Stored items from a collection
================================

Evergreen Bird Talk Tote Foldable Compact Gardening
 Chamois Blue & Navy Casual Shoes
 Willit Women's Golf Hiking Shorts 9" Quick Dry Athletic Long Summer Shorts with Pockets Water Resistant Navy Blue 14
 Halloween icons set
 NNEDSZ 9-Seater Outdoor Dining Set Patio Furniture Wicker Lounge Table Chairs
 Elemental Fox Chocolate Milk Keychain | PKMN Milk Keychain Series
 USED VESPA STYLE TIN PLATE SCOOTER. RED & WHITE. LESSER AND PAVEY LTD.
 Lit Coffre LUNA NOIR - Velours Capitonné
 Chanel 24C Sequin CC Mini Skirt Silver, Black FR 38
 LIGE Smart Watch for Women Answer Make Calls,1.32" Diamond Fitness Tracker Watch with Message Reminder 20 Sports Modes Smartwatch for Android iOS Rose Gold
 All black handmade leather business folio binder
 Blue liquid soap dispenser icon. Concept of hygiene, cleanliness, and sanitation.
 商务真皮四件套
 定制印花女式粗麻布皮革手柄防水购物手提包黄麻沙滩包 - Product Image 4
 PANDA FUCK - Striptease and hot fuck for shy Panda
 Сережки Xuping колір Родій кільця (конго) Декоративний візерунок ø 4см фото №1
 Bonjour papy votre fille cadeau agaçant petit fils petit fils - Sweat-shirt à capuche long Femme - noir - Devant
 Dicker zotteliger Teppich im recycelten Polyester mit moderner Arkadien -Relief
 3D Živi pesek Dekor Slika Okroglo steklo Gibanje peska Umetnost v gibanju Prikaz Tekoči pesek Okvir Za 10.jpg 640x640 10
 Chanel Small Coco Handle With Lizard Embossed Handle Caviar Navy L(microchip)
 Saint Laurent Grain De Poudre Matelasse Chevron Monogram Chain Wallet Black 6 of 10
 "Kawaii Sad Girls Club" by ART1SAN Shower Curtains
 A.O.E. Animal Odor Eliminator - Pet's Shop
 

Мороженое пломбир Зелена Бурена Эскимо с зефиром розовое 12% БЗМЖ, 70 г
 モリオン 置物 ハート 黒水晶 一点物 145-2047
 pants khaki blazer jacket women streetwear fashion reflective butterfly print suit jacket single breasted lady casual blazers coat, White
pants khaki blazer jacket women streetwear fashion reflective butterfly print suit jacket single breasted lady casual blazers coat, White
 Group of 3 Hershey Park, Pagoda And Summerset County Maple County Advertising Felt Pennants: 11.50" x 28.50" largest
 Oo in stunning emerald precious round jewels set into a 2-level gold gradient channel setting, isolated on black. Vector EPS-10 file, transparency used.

================================

> WORK TO BE COMPLETED:
However many lines the data holds, return each one exactly.

> RESULT OF THIS TASK:
Evergreen Bird Talk Tote Foldable Compact Gardening
 Chamois Blue & Navy Casual Shoes
 Willit Women's Golf Hiking Shorts 9" Quick Dry Athletic Long Summer Shorts with Pockets Water Resistant Navy Blue 14
 Halloween icons set
 NNEDSZ 9-Seater Outdoor Dining Set Patio Furniture Wicker Lounge Table Chairs
 Elemental Fox Chocolate Milk Keychain | PKMN Milk Keychain Series
 USED VESPA STYLE TIN PLATE SCOOTER. RED & WHITE. LESSER AND PAVEY LTD.
 Lit Coffre LUNA NOIR - Velours Capitonné
 Chanel 24C Sequin CC Mini Skirt Silver, Black FR 38
 LIGE Smart Watch for Women Answer Make Calls,1.32" Diamond Fitness Tracker Watch with Message Reminder 20 Sports Modes Smartwatch for Android iOS Rose Gold
 All black handmade leather business folio binder
 Blue liquid soap dispenser icon. Concept of hygiene, cleanliness, and sanitation.
 商务真皮四件套
 定制印花女式粗麻布皮革手柄防水购物手提包黄麻沙滩包 - Product Image 4
 PANDA FUCK - Striptease and hot fuck for shy Panda
 Сережки Xuping колір Родій кільця (конго) Декоративний візерунок ø 4см фото №1
 Bonjour papy votre fille cadeau agaçant petit fils petit fils - Sweat-shirt à capuche long Femme - noir - Devant
 Dicker zotteliger Teppich im recycelten Polyester mit moderner Arkadien -Relief
 3D Živi pesek Dekor Slika Okroglo steklo Gibanje peska Umetnost v gibanju Prikaz Tekoči pesek Okvir Za 10.jpg 640x640 10
 Chanel Small Coco Handle With Lizard Embossed Handle Caviar Navy L(microchip)
 Saint Laurent Grain De Poudre Matelasse Chevron Monogram Chain Wallet Black 6 of 10
 "Kawaii Sad Girls Club" by ART1SAN Shower Curtains
 A.O.E. Animal Odor Eliminator - Pet's Shop
 

Мороженое пломбир Зелена Бурена Эскимо с зефиром розовое 12% БЗМЖ, 70 г
 モリオン 置物 ハート 黒水晶 一点物 145-2047
 pants khaki blazer jacket women streetwear fashion reflective butterfly print suit jacket single breasted lady casual blazers coat, White
pants khaki blazer jacket women streetwear fashion reflective butterfly print suit jacket single breasted lady casual blazers coat, White
 Group of 3 Hershey Park, Pagoda And Summerset County Maple County Advertising Felt Pennants: 11.50" x 28.50" largest
 Oo in stunning emerald precious round jewels set into a 2-level gold gradient channel setting, isolated on black. Vector EPS-10 file, transparency used.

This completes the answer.